**Work instructions:** Would you copy the records below, exactly and only from their first line through the line containing "Yuotoxxl Beschikbare Vape", without any pictures?

Caption-style text data:
★ ★ ★ ★

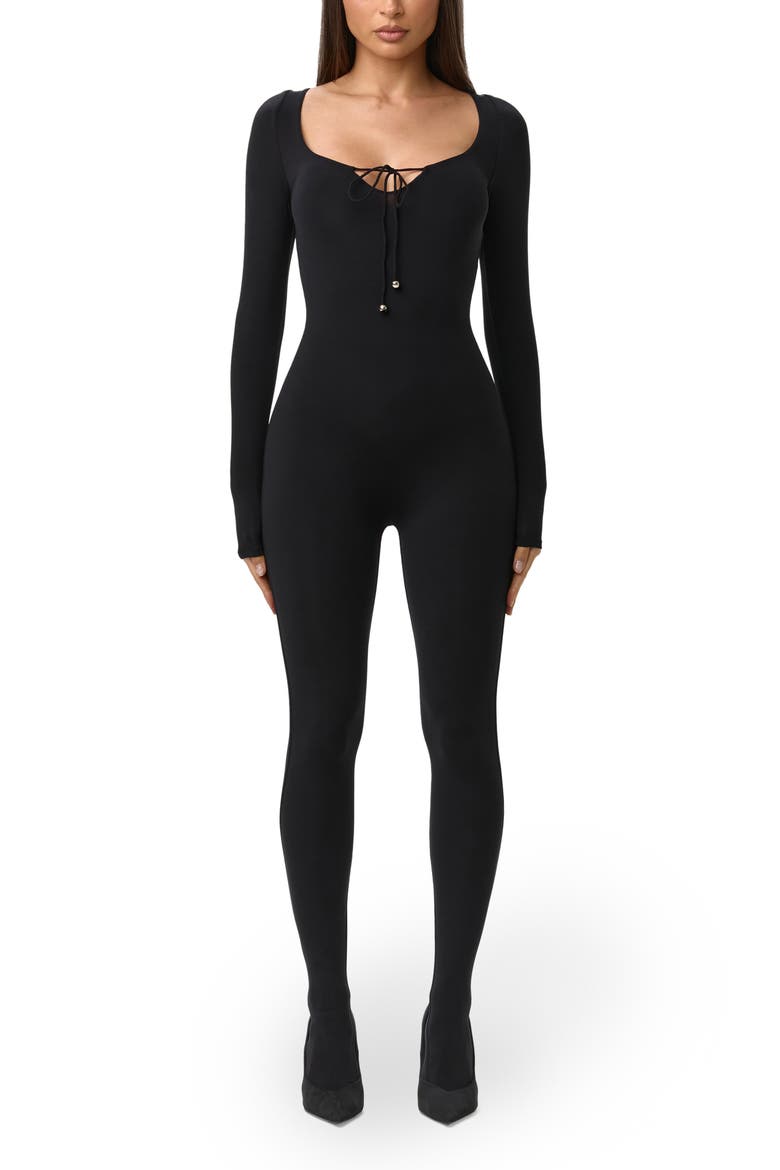 Tie Back Long Sleeve Jumpsuit, Main, color, BLACK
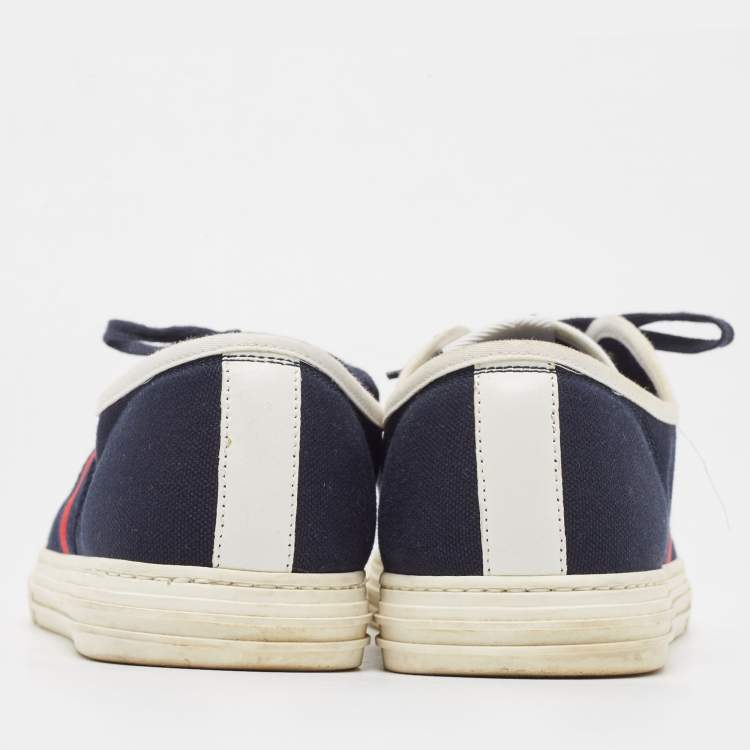 Pre Owned Gucci Navy Blue Canvas And  Leather Web Detail Lace Up Sneakers Size 44.5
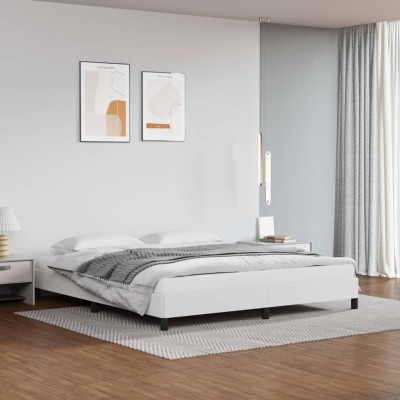 Estructura de cama sin colchón cuero sintético blanco 180x200cm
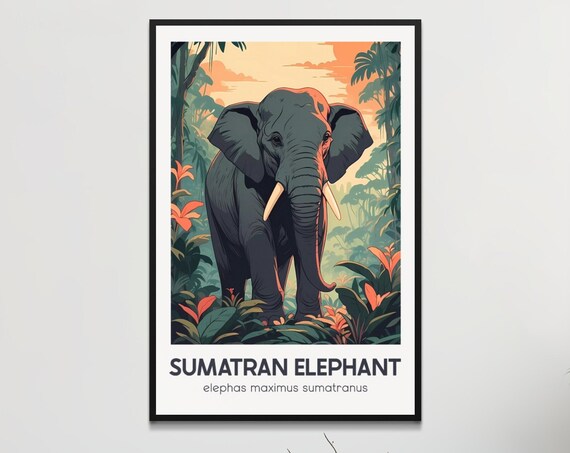 Retro Sumatran Elephant Poster Endangered Species Wall Art Vintage Jungle Illustration Home Decor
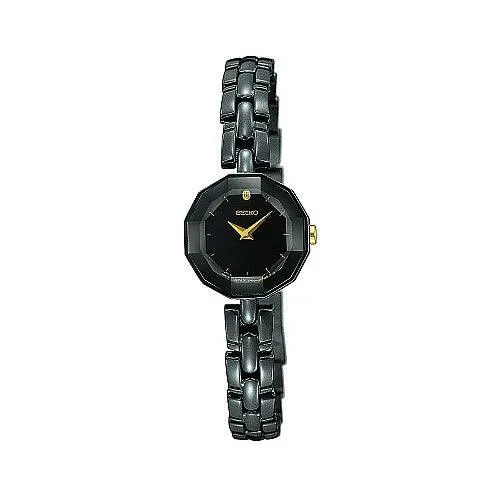Bracelets Seiko Seiko Womens Quartz Black Bracelet Watch SUJF15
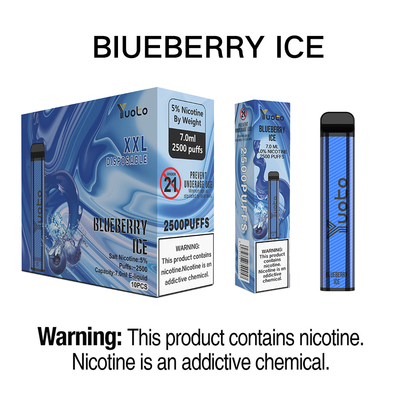 Yuotoxxl Beschikbare Vape Peul 2500 het Ijs 7.0ml EJuice 5% Nic van de Rookwolkenbosbes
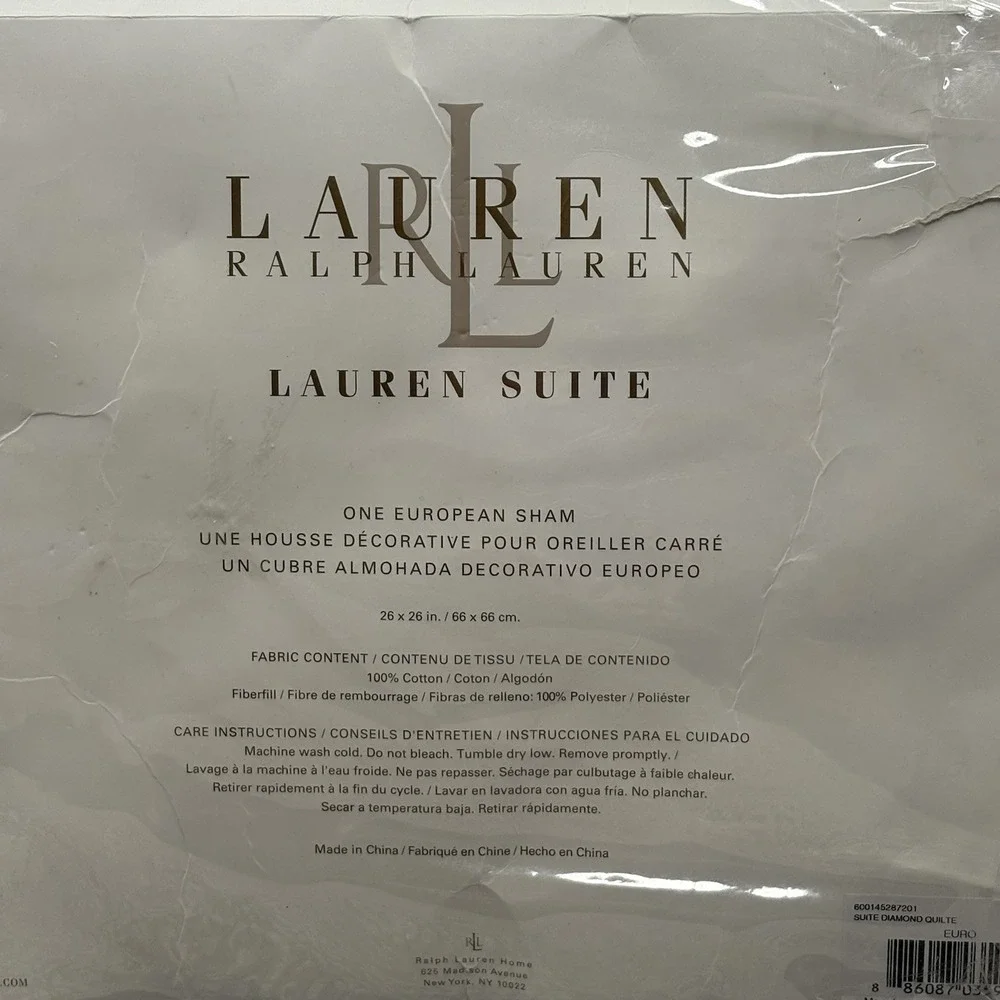 Ralph Lauren Suite Diamond Quilted Cream Cotton‎  Euro Sham NEW One Sham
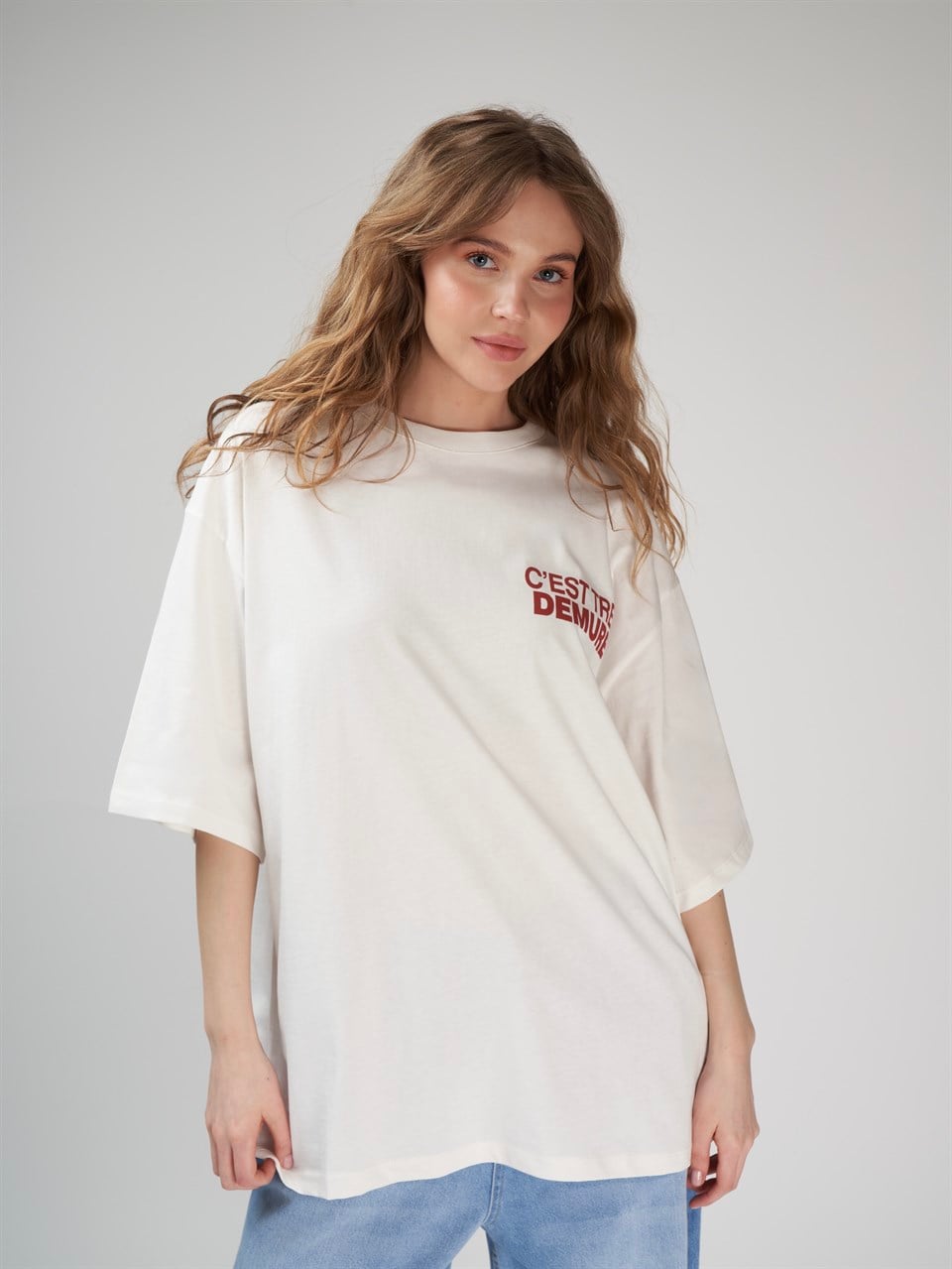 Baskılı Kısa Kol Oversize T-shirt Ekru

★ ★ ★ ★

**Worked solution:**
 Tie Back Long Sleeve Jumpsuit, Main, color, BLACK
 Pre Owned Gucci Navy Blue Canvas And  Leather Web Detail Lace Up Sneakers Size 44.5
 Estructura de cama sin colchón cuero sintético blanco 180x200cm
 Retro Sumatran Elephant Poster Endangered Species Wall Art Vintage Jungle Illustration Home Decor
Bracelets Seiko Seiko Womens Quartz Black Bracelet Watch SUJF15
 Yuotoxxl Beschikbare Vape Peul 2500 het Ijs 7.0ml EJuice 5% Nic van de Rookwolkenbosbes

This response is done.